Article published on the 2008-07-16 Latest update 2008-07-17 07:11 TU

Demonstrators face police tear gas(Photo: Reuters)

Demonstrators face police tear gas
(Photo: Reuters)

Thousands of supporters of deposed Haitian President Jean-Bertrand Aristide demonstrated in Port-au-Prince on Tuesday, his 55th birthday. They were demanding his return to the country from exile in South Africa, where he went after being toppled in 2004.

Most of the protestors came from the capital's poor areas, where Aristide's support has always been strongest.

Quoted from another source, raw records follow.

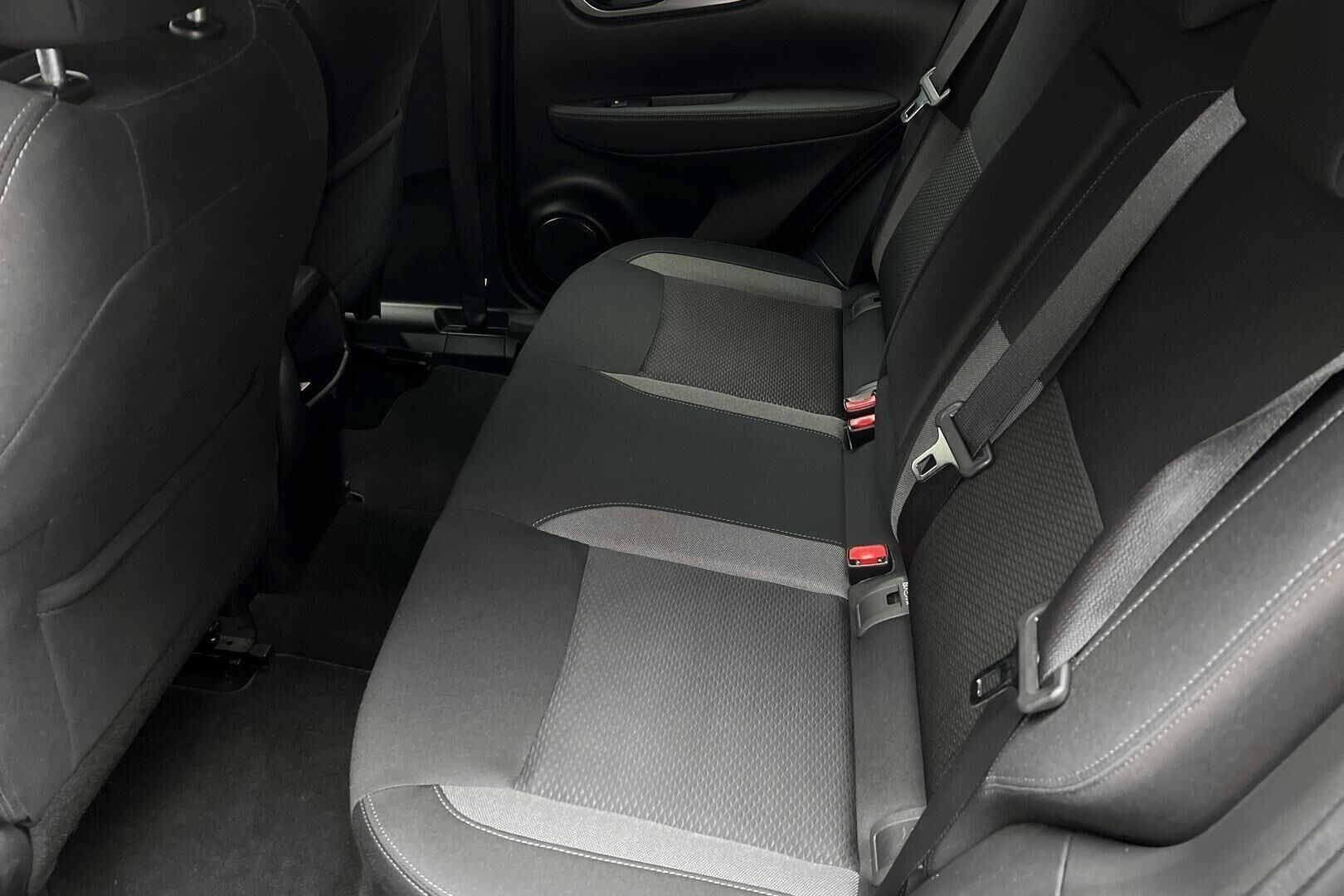 Nissan Qashqai iso kuva 8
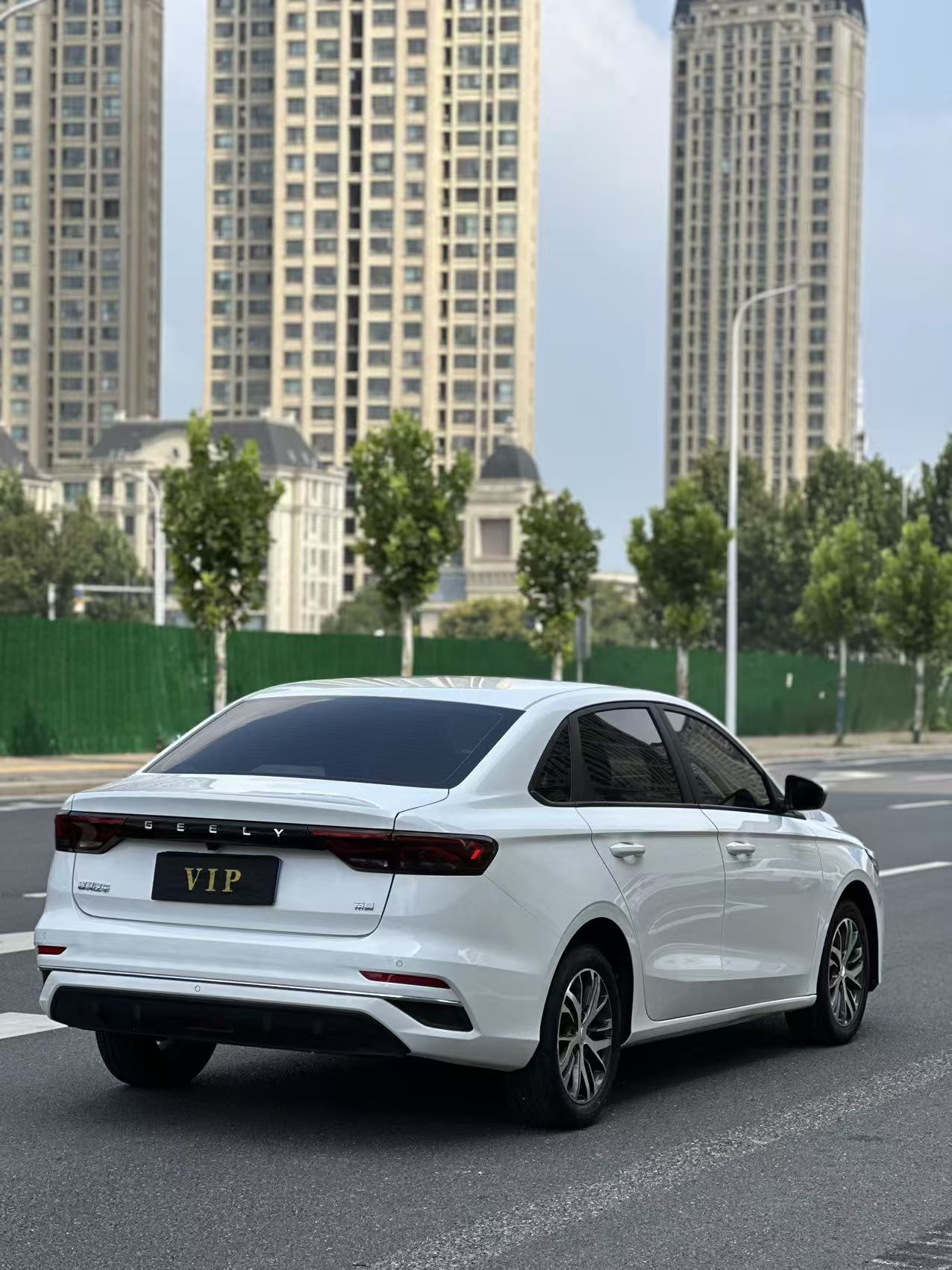GEELY Emgrand 2025 car image #7
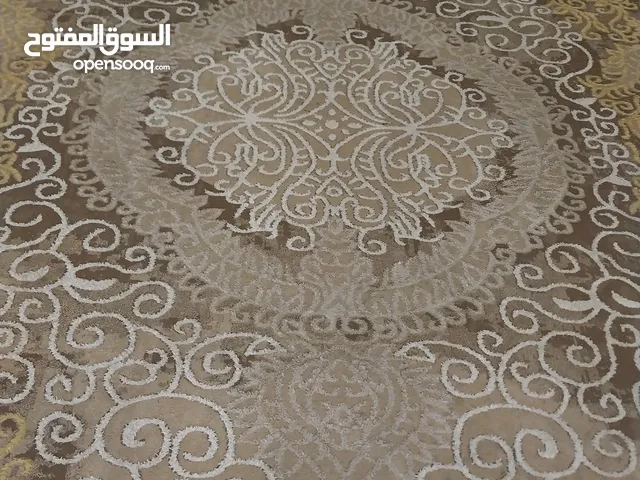 Large carpet, excellent quality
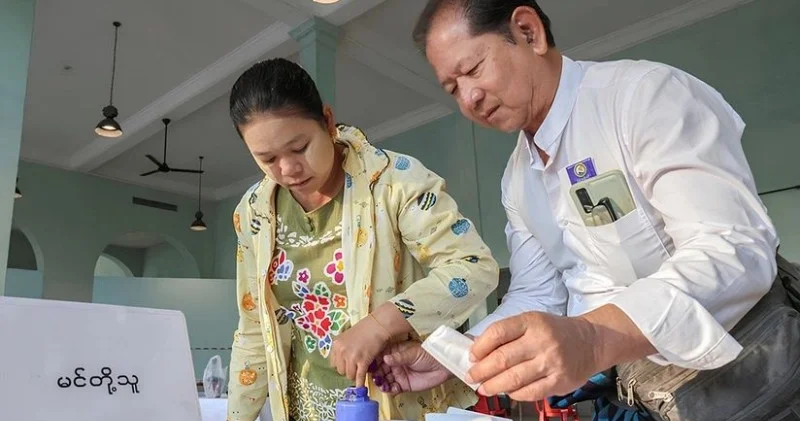 Myanmadа ümumi seçkilərin son turu keçirilir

They claim that current President René Preval has promised to allow Aristide to return and demand that he live up to that commitment. They were also protesting at soaring prices of basic necessities.

Police fired teargas when the demonstration approached the presidential palace, which was surrounded by a cordon erected by security forces, including UN military vehicles.

Aristide, a former priest committed to the liberation theology trend of Catholicism, first became president in 1990 after fighting against military ruler Jean-Claude "Papa Doc" Duvalier.

Driven into exile by a coup, he returned in 1994, backed by US troops, before stepping down from the presidency in 1996.

His second term as president, from 2001 to 2004, ended in a rebellion which drove him into exile. Aristide claims that the US forced him to flee the country. UN troops were subsequently sent in to the country to maintain peace.

Haiti is the poorest country in the western hemisphere.